Deux fois détruits, par un séisme en 1887 puis en 40 et en octobre 1945, deux fois déplacés et deux fois reconstruits, tel est le destin de ce petit village perché sur un piton rocheux à mi-chemin entre Menton et Sospel dans l’arrière-pays niçois.
Il fut reconstruit à 3 km au sud du village détruit, mais en 1951 n’étant pas semble-t-il une priorité pour le M.R.U. Heureusement, le maigre montant des dommages de guerre fut abondé par l’aide financière des habitants de Beausoleil et de la Société des Bains-de-mer de Monaco.
Le village de Castillon (Castillionum), véritable poste d’observation dont l’origine semble remonter au Xième siècle, faisait partie du système de défense organisée par la commune de Sospel pour lutter contre les incursions des Comtes de Vintimille. C’est ce qui explique et excuse la position insolite de l’agglomération primitive perchée sur un piton dominant le col de Castillon située à 707 mètres d’altitude et à 6 km à vol d’oiseau de la mer. Ce col est souvent dans le brouillard provoqué par la rencontre des courants froids descendant du massif de l’Authion avec les courants chauds montant de la mer par la vallée de Carel.
Le 23 février 1887, un tremblement de terre amena la ruine du village. Un ouvrage militaire souterrain fut aménagé sous l’emplacement du village détruit et celui-ci fut reconstruit en 1888 un peu en contrebas et sur le flanc de l’ouvrage, en avant du col.
L’agglomération reconstruite n’offrait aucun intérêt architectural. Les maisons étaient alignées en bordure d rues étroites au tracé incohérent. D’aspect pauvre et de construction rudimentaire, elles étaient généralement implantées entre deux voies de niveaux différents. Les pièces de plain-pied avec la voie inférieure étaient à usage de remises et de réserves ; un ou deux étages étaient divisés en pièces de très petites dimensions se commandant l’une l’autre et accessibles par la voir supérieure.
Sauf de rares exceptions, il n’y avait ni eau ni W.C. Il n’existait même pas de communication entre le niveau inférieur et les étages sauf quelquefois grâce à une échelle de meunier.
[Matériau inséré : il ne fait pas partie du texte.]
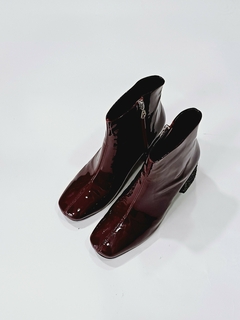 BOTAS VITAMINA 38 BORDO CHAROL - comprar online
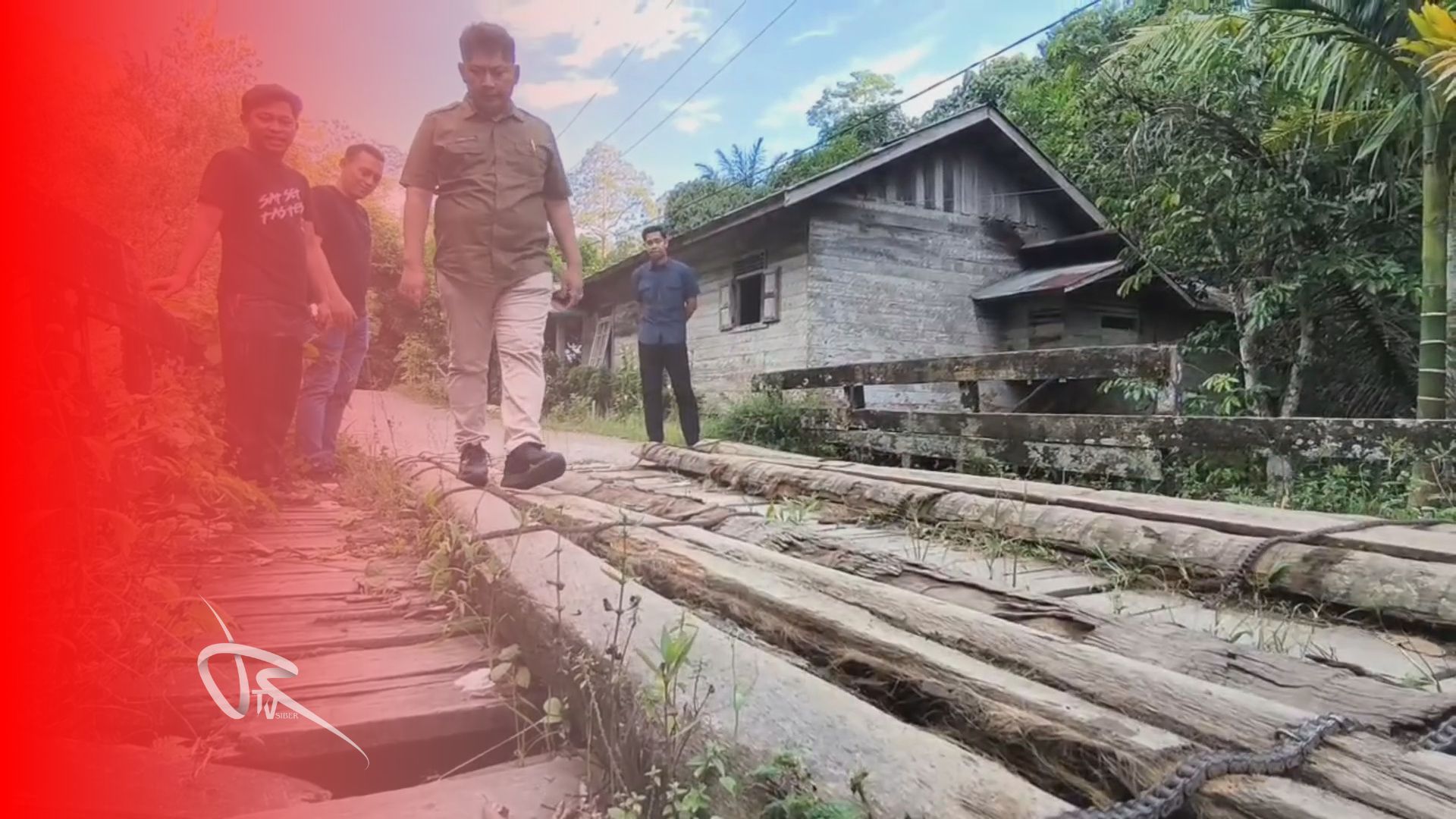 Bupati HST Tinjau Jembatan Rusak, Pastikan Perbaikan Segera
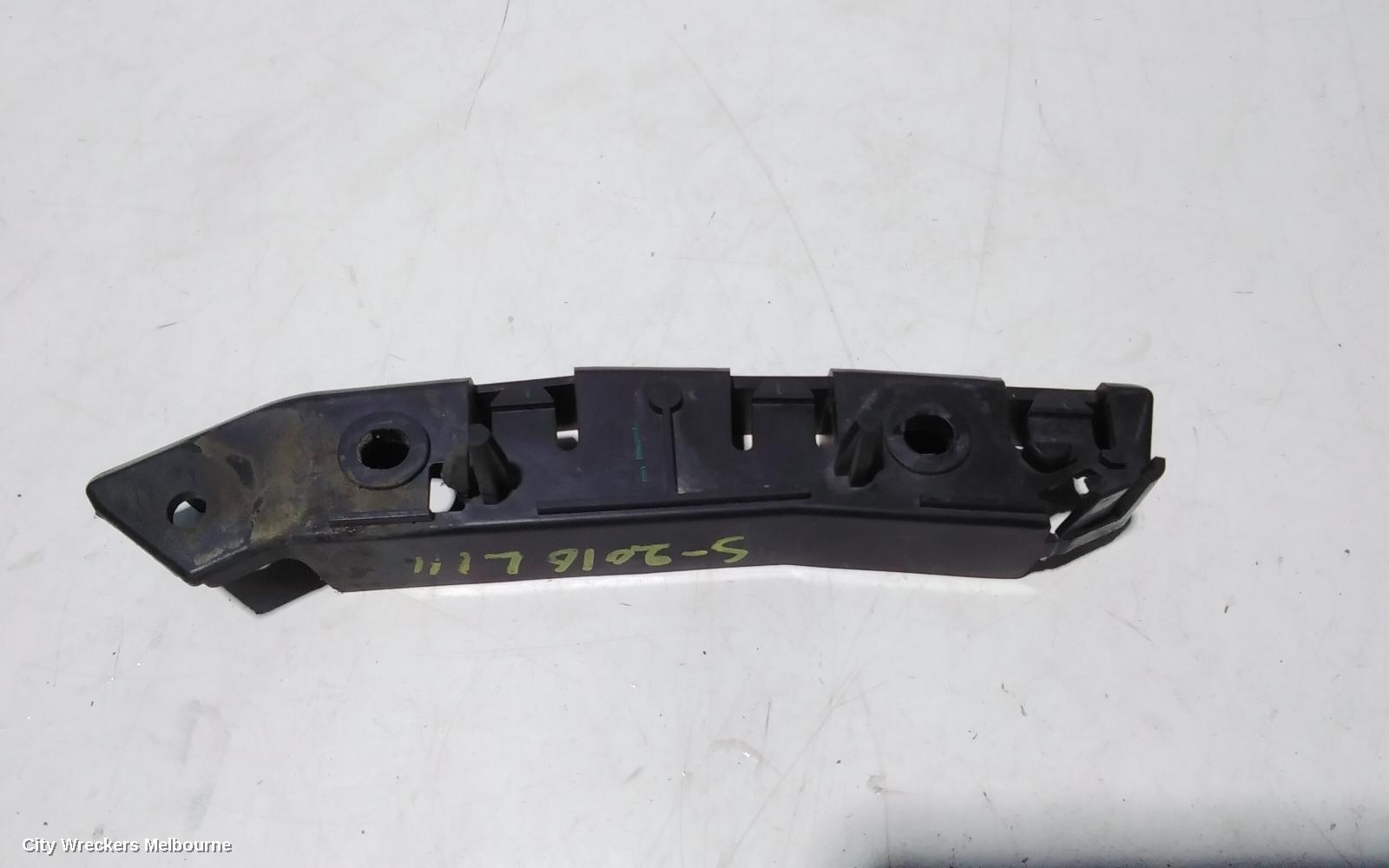FORD FOCUS, LW 05/2011 - 08/2015, LHF BAR SLIDER: 91736 - Image 1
Les seuls établissements publics étaient outre le four banal, une mairie-école et une église d’aspect quelconque, dressées face à face sur la place, et un lavoir public.
Cet ensemble sans grâce et sans caractère fut détruit lors de la dernière guerre par les tirs d’artillerie des troupes italiennes qui, en juin 1940, cherchaient à détruire le fort Maginot de Castillon, puis entre mi-septembre et mi-octobre 1944 par l’artillerie de marine la flotte américaine.
Le village, déplacé et reconstruit une première fois se trouvait ainsi rasé pour la deuxième fois par suite de sa proximité d’un ouvrage militaire important.
En raison de sa position à l’intérieur du périmètre du polygone exceptionnel établi par le Génie militaire autour du fort, il ne pouvait être reconstitué sur place que si, en application de l’article 27 du décret du 10 août 1853, chaque propriétaire signait une autorisation de démolir sans indemnité à la première réquisition de l’autorité militaire (ce fort, construit au début des années 30, faisait partie de la branche méridionale de la Ligne Maginot. Il est composé de 5 blocs en béton reliés par d’imposantes galeries souterraines. n.d.l.r.).
Les propriétaires sinistré préférèrent, et on le comprend, s’accorder pour demander la reconstruction du village au quartier des Serres situé à 3 km en aval du Col à la cote moyenne de 550 mètres sur un mamelon auquel on accède depuis la route nationale par un chemin desservant le groupe des granges de Saint-Antonin.
Le terrain, en nature de broussailles, comportait une déclivité très prononcée. La charge d’établir le projet de reconstruction et d’aménagement du village et les projets de reconstruction des immeubles sinistrés fut confiée à un homme de l’art, M. Richard Laugier, architecte et urbaniste.
En présence du faible montant des indemnités de dommages de guerre calculées suivant les devis à l’identique après abattement pour vétusté, il n’était pas possible de rendre à chacun un logement de superficie équivalente à ce qu’il avait perdu.
Le plan d’aménagement fut établi en même temps que les plans de reconstruction des immeubles, ceux-ci étant réduits à une remise ou resserre surmontée d’une salle commune avec W.C., et, suivant la connaissance du dommage, une ou plusieurs chambres supplémentaires.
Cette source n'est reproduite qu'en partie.